- **Material supplied**:
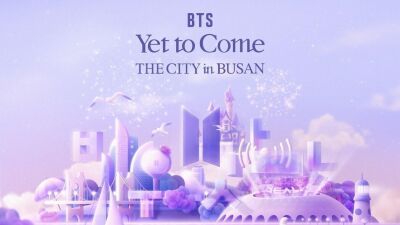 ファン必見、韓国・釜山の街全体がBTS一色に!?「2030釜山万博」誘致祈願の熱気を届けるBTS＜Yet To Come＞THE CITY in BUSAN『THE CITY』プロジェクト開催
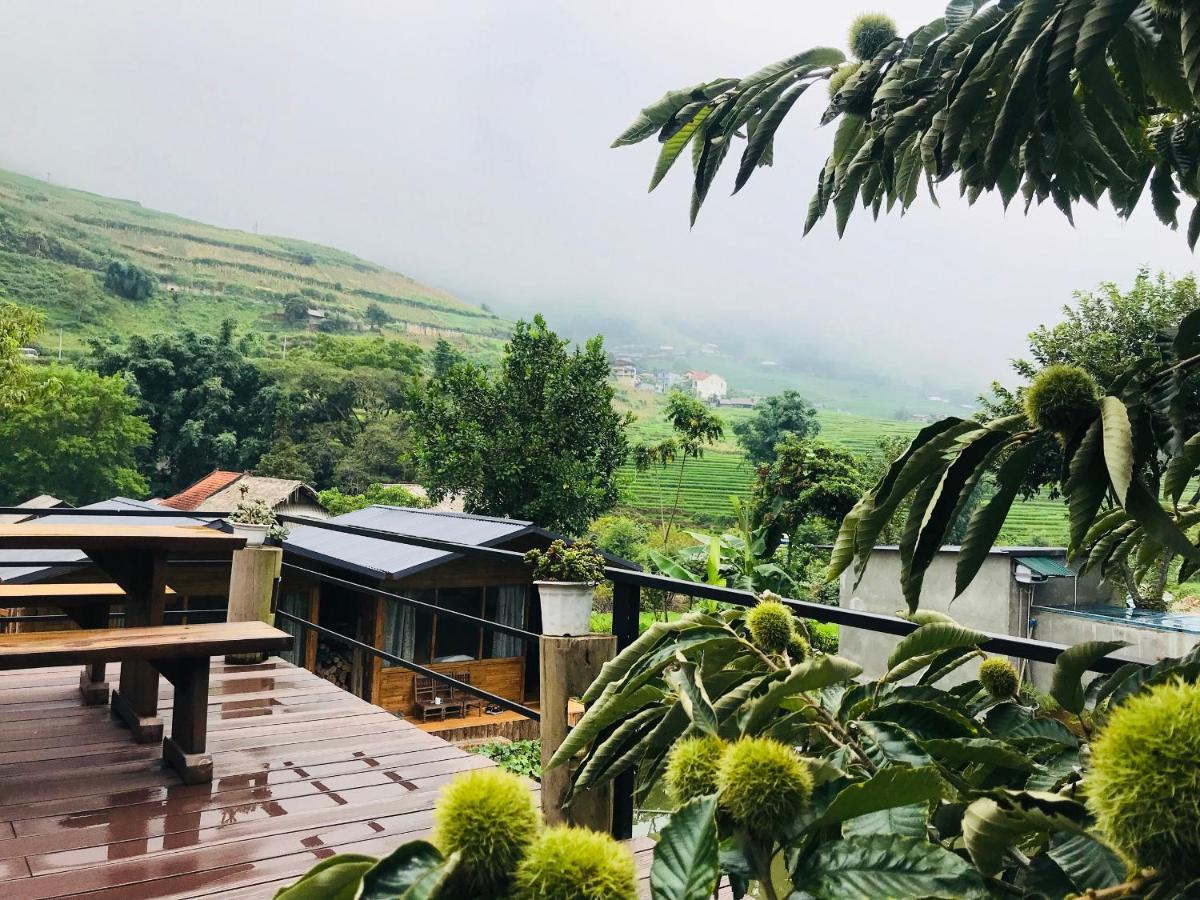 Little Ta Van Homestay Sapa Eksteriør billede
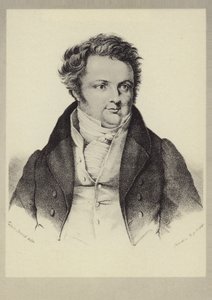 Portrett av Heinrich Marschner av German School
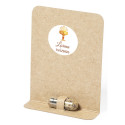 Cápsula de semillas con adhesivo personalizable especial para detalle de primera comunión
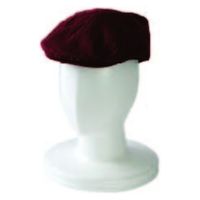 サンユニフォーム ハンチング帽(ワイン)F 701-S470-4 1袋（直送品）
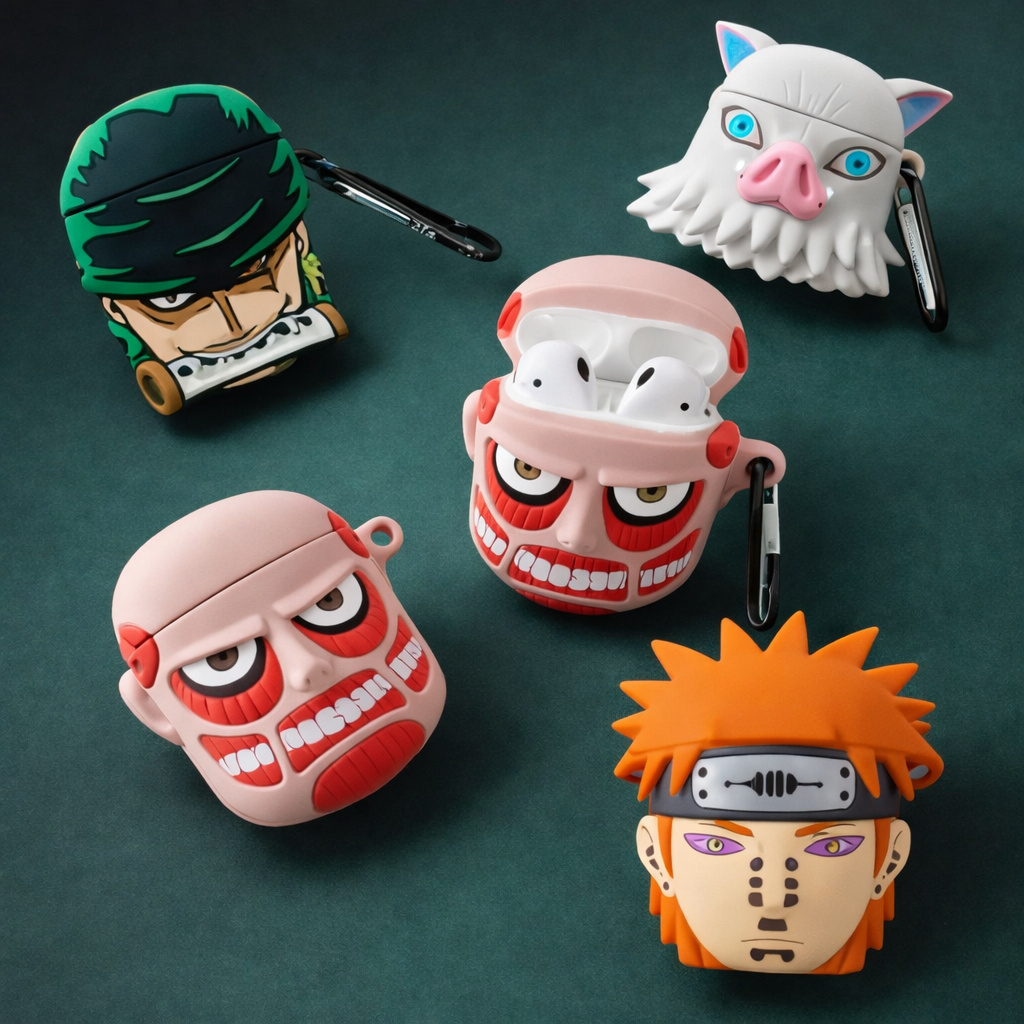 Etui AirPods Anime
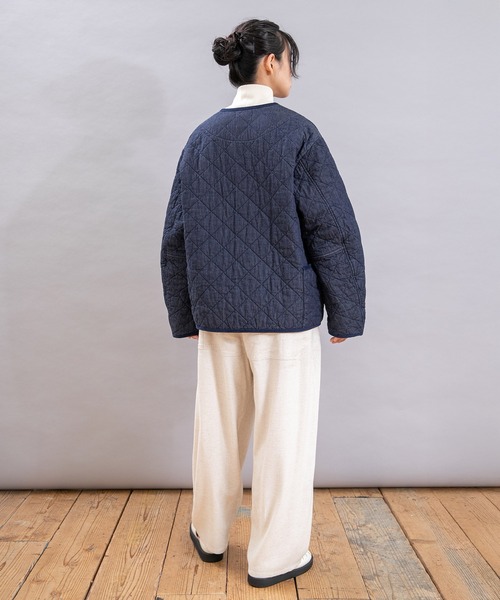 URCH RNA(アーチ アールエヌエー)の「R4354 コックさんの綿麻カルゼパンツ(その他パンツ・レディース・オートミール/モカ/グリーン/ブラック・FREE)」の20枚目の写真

- **Task prompt**:
Give back the data verbatim. The pictures are not part of the copy.

- **Reply**:
 ファン必見、韓国・釜山の街全体がBTS一色に!?「2030釜山万博」誘致祈願の熱気を届けるBTS＜Yet To Come＞THE CITY in BUSAN『THE CITY』プロジェクト開催
 Little Ta Van Homestay Sapa Eksteriør billede
 Portrett av Heinrich Marschner av German School
 Cápsula de semillas con adhesivo personalizable especial para detalle de primera comunión
 サンユニフォーム ハンチング帽(ワイン)F 701-S470-4 1袋（直送品）
 Etui AirPods Anime
 URCH RNA(アーチ アールエヌエー)の「R4354 コックさんの綿麻カルゼパンツ(その他パンツ・レディース・オートミール/モカ/グリーン/ブラック・FREE)」の20枚目の写真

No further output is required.